Why 10 Gig-E Makes Sense

Colleges deploy 10 Gigabit Ethernet to support bandwidth-intensive video applications, university research and mainstream business apps.

Universities and colleges across the country are beginning to implement 10 Gig-E switching in their data centers. Some are even expanding it throughout their campuses. The reasons are varied, but Purdue's Scott Ksander, executive director for IT networks and security and chief information security officer, chalks it up to a focus on data.

“I like to paraphrase James Carville, back when he was Bill Clinton's campaign strategist and said, ‘It's the economy, stupid.' My phrase is, ‘it's the data, stupid,'” Ksander says.

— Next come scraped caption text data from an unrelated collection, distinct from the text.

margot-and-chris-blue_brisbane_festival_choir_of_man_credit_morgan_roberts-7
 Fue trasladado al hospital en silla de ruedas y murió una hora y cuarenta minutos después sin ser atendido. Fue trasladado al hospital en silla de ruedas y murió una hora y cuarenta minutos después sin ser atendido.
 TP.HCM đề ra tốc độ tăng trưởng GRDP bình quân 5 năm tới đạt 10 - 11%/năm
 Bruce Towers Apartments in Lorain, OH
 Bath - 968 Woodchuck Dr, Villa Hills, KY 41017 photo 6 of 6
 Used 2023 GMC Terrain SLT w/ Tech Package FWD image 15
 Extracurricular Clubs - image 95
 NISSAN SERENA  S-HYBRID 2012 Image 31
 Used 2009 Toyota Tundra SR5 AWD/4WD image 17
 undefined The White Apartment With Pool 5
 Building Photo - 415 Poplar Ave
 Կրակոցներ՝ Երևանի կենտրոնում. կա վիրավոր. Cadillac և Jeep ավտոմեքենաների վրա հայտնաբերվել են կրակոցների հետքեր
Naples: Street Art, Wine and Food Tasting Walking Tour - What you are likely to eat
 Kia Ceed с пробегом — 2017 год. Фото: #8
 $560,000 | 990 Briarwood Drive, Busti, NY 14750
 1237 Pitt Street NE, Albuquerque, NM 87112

“But seriously, computing power is no longer the interesting story,” he continues. “We used to talk about the gigahertz of our computer processors, but we don't care about that now. We have to face the challenge of movement of data and storage of data and what is going to be ‘fast enough.' We are currently seeing demands for standard applications in the 1 gigabit range, and that is only going to go up.”

A lot of organizations are upgrading their data center environments to aggregate traffic from multiple Gigabit Ethernet links connected to other switches, hypervisor machines or physical computers, according to Jeremy Littlejohn, president of consulting firm RISC Networks. Littlejohn works closely with CIOs and IT managers to help then optimize the reliability, scalability and performance of their entire IT infrastructures.

As for the benefits of 10 Gig-E, Littlejohn says organizations that upgrade expect to see faster backups and improved data traffic flows. Despite these clear benefits, Littlejohn cautions that organizations need to examine the root cause of their application performance/backup equation before they try to fix any networking issues with more bandwidth.

The Network's Edge

SUNY Old Westbury has nine OmniSwitch 9700 core switches from Alcatel-Lucent that are interconnected via dual 10 Gig-E connections for a 20 Gig-E backbone. Most edge switches are Gigabit Ethernet back to the core switches in the wiring closet, with a handful of high-performance closets operating at 10 Gig-E back to the core. The university began implementing 10 Gig-E about three years ago.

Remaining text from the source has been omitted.